*Records provided*:
########
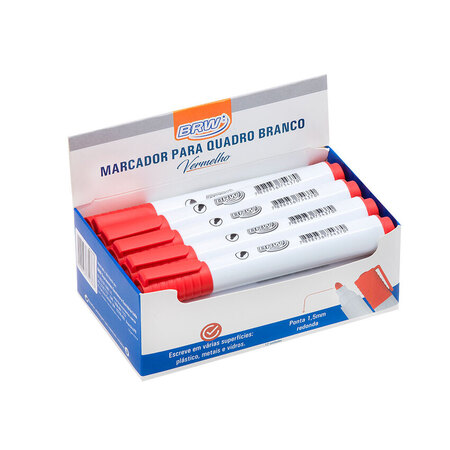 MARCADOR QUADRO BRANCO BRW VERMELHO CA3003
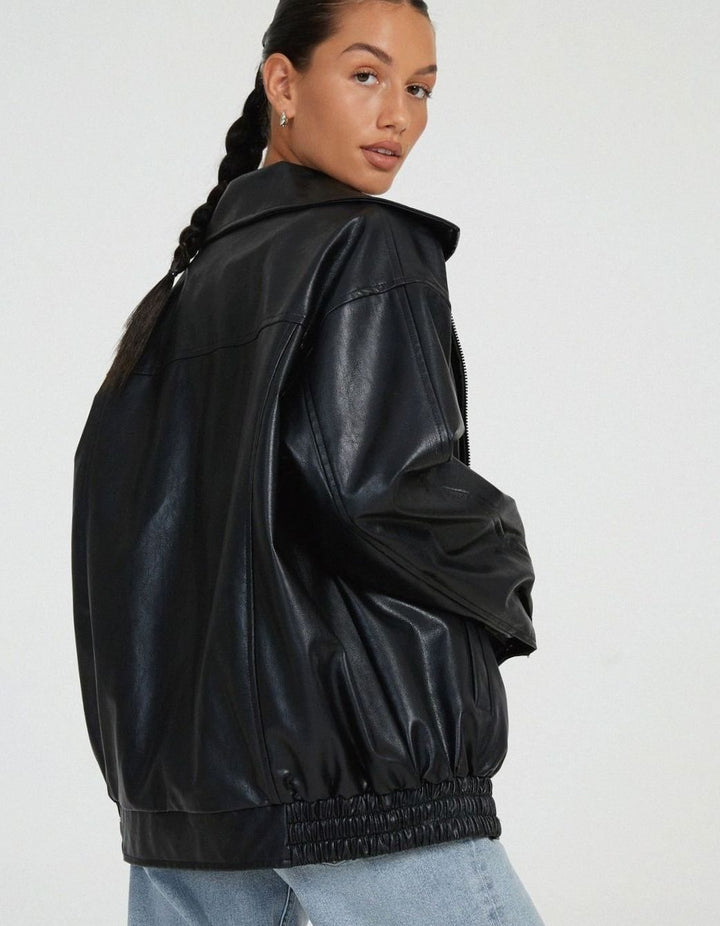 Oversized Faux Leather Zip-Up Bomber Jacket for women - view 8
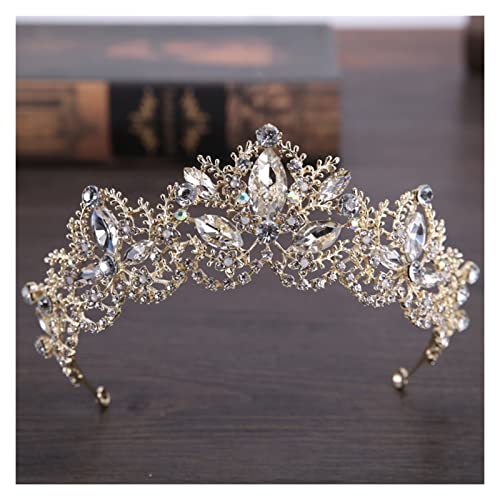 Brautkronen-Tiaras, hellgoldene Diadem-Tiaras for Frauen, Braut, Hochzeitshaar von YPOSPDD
########
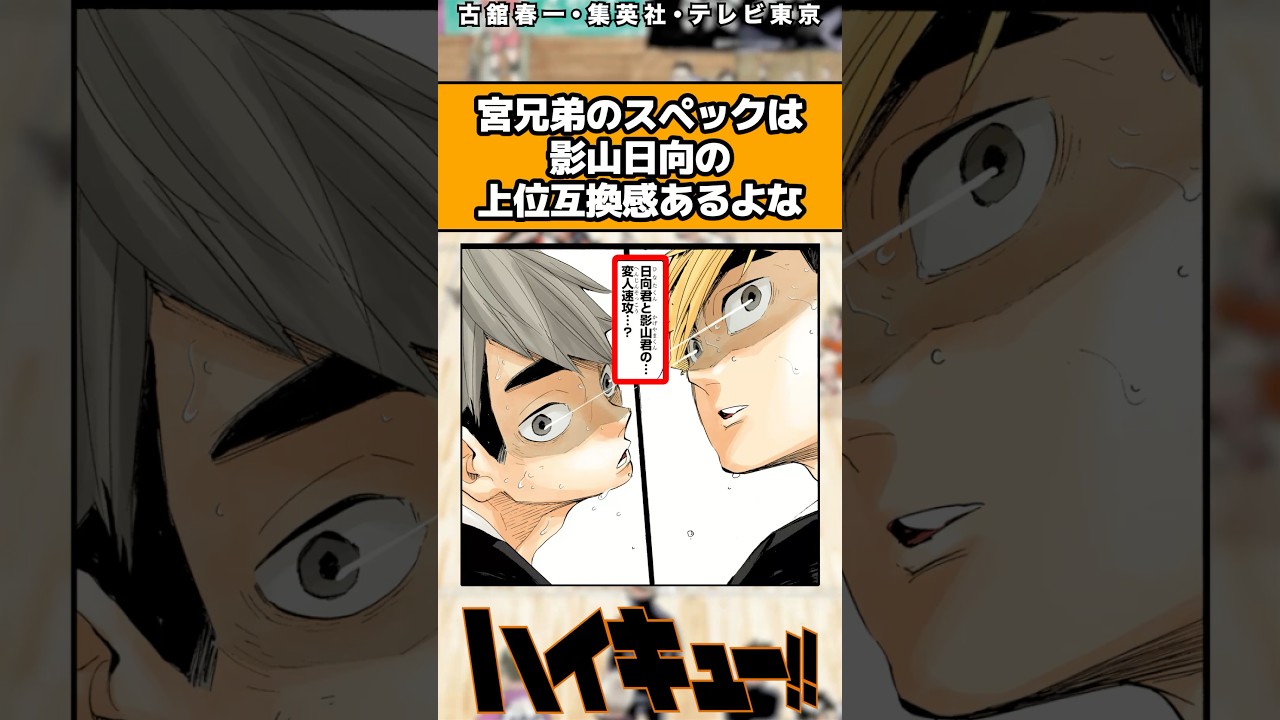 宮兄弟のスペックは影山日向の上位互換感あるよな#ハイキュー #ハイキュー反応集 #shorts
########
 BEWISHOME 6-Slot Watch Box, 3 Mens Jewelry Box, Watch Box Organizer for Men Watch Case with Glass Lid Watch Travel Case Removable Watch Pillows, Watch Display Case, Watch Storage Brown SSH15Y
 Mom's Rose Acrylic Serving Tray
########
*Task instructions*: All lines above from the one holding "BEWISHOME 6-Slot Watch" to the one holding "Mom's Rose Acrylic Serving Tray", inclusive, are to be copied exactly; no other line is wanted.

*Task result*:
 BEWISHOME 6-Slot Watch Box, 3 Mens Jewelry Box, Watch Box Organizer for Men Watch Case with Glass Lid Watch Travel Case Removable Watch Pillows, Watch Display Case, Watch Storage Brown SSH15Y
 Mom's Rose Acrylic Serving Tray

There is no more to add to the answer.